§ **Task objective**: Exactly as it appears, restate the whole listing.

- Opening Delimiter -

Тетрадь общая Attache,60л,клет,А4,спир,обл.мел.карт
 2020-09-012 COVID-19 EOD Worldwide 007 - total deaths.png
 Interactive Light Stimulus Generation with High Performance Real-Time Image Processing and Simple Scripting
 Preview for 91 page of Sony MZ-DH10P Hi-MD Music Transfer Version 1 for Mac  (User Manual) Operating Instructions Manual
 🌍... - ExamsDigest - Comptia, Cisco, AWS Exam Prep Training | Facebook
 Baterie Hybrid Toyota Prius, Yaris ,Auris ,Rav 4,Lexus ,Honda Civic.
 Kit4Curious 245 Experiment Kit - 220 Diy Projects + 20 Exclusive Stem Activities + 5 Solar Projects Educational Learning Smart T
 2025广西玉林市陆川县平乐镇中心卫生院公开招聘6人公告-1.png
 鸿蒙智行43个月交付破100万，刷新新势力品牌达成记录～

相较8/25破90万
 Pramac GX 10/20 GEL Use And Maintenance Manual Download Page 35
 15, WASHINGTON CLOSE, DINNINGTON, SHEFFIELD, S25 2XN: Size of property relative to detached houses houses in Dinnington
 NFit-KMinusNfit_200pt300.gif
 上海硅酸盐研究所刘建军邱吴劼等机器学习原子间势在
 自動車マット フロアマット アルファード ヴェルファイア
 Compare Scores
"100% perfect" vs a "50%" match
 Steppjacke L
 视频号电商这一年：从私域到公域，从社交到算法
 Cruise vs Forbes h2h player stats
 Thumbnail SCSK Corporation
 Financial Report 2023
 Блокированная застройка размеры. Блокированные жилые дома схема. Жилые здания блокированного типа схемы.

- Closing Delimiter -

§ **Completed task**:
Тетрадь общая Attache,60л,клет,А4,спир,обл.мел.карт
 2020-09-012 COVID-19 EOD Worldwide 007 - total deaths.png
 Interactive Light Stimulus Generation with High Performance Real-Time Image Processing and Simple Scripting
 Preview for 91 page of Sony MZ-DH10P Hi-MD Music Transfer Version 1 for Mac  (User Manual) Operating Instructions Manual
 🌍... - ExamsDigest - Comptia, Cisco, AWS Exam Prep Training | Facebook
 Baterie Hybrid Toyota Prius, Yaris ,Auris ,Rav 4,Lexus ,Honda Civic.
 Kit4Curious 245 Experiment Kit - 220 Diy Projects + 20 Exclusive Stem Activities + 5 Solar Projects Educational Learning Smart T
 2025广西玉林市陆川县平乐镇中心卫生院公开招聘6人公告-1.png
 鸿蒙智行43个月交付破100万，刷新新势力品牌达成记录～

相较8/25破90万
 Pramac GX 10/20 GEL Use And Maintenance Manual Download Page 35
 15, WASHINGTON CLOSE, DINNINGTON, SHEFFIELD, S25 2XN: Size of property relative to detached houses houses in Dinnington
 NFit-KMinusNfit_200pt300.gif
 上海硅酸盐研究所刘建军邱吴劼等机器学习原子间势在
 自動車マット フロアマット アルファード ヴェルファイア
 Compare Scores
"100% perfect" vs a "50%" match
 Steppjacke L
 视频号电商这一年：从私域到公域，从社交到算法
 Cruise vs Forbes h2h player stats
 Thumbnail SCSK Corporation
 Financial Report 2023
 Блокированная застройка размеры. Блокированные жилые дома схема. Жилые здания блокированного типа схемы.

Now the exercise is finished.